**Task objective**
Print, exactly as they appear in the listing below, the lines from the line with "江门 黄金麻方料堆场洗料分选中，原材料充足" to the line with "Valkoinen pilkullinen Vaatetuskangas - Pala", with both end lines kept.
++++ Data supplied ++++
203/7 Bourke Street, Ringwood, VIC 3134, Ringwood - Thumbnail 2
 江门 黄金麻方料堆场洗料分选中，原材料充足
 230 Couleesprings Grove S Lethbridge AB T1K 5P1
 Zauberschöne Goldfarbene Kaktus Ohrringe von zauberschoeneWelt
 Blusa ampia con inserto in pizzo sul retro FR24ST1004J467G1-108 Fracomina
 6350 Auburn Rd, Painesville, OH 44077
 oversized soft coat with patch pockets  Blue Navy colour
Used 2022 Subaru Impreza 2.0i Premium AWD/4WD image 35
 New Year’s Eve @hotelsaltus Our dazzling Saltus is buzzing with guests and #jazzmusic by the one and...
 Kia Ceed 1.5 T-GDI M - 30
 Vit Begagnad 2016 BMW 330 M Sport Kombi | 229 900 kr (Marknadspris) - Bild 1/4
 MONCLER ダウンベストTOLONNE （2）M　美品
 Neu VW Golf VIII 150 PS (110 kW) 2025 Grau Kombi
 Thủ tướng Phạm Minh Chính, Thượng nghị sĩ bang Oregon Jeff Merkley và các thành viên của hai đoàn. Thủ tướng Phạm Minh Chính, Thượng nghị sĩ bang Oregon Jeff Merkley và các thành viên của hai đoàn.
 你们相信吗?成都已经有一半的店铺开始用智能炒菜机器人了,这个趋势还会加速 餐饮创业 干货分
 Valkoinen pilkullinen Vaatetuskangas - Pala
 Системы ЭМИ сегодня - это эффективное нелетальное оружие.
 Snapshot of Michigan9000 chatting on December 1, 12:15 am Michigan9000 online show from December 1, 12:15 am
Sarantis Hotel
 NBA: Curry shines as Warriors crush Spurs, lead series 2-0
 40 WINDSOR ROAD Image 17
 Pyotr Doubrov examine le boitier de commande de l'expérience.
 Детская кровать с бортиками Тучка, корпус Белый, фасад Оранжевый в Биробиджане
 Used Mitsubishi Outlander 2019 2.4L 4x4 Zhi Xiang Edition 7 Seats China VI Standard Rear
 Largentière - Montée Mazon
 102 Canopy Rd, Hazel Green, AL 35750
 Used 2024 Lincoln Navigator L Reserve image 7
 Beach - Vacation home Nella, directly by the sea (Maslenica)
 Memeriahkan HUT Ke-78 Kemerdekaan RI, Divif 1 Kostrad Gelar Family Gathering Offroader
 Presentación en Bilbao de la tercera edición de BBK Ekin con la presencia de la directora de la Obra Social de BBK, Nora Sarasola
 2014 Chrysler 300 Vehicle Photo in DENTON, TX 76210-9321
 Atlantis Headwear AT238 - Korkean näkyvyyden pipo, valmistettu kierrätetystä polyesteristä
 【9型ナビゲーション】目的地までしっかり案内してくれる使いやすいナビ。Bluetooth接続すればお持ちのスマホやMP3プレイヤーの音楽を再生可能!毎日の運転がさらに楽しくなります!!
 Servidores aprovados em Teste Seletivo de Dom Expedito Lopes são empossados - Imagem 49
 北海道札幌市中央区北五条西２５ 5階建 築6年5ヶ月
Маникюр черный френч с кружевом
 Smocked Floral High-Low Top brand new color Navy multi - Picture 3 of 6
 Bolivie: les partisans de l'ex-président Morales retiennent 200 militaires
++++
**Finished task**
 江门 黄金麻方料堆场洗料分选中，原材料充足
 230 Couleesprings Grove S Lethbridge AB T1K 5P1
 Zauberschöne Goldfarbene Kaktus Ohrringe von zauberschoeneWelt
 Blusa ampia con inserto in pizzo sul retro FR24ST1004J467G1-108 Fracomina
 6350 Auburn Rd, Painesville, OH 44077
 oversized soft coat with patch pockets  Blue Navy colour
Used 2022 Subaru Impreza 2.0i Premium AWD/4WD image 35
 New Year’s Eve @hotelsaltus Our dazzling Saltus is buzzing with guests and #jazzmusic by the one and...
 Kia Ceed 1.5 T-GDI M - 30
 Vit Begagnad 2016 BMW 330 M Sport Kombi | 229 900 kr (Marknadspris) - Bild 1/4
 MONCLER ダウンベストTOLONNE （2）M　美品
 Neu VW Golf VIII 150 PS (110 kW) 2025 Grau Kombi
 Thủ tướng Phạm Minh Chính, Thượng nghị sĩ bang Oregon Jeff Merkley và các thành viên của hai đoàn. Thủ tướng Phạm Minh Chính, Thượng nghị sĩ bang Oregon Jeff Merkley và các thành viên của hai đoàn.
 你们相信吗?成都已经有一半的店铺开始用智能炒菜机器人了,这个趋势还会加速 餐饮创业 干货分
 Valkoinen pilkullinen Vaatetuskangas - Pala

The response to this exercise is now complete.